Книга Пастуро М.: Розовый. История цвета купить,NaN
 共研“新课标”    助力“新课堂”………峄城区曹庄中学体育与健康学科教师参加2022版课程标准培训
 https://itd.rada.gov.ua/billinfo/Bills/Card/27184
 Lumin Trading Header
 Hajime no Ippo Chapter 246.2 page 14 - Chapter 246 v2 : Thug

• **Problem**: Everything from the line containing "Lumin Trading Header" to the last line of the data above must be set down exactly, both ends included, with no other lines.

• **Response to this exercise**:
 Lumin Trading Header
 Hajime no Ippo Chapter 246.2 page 14 - Chapter 246 v2 : Thug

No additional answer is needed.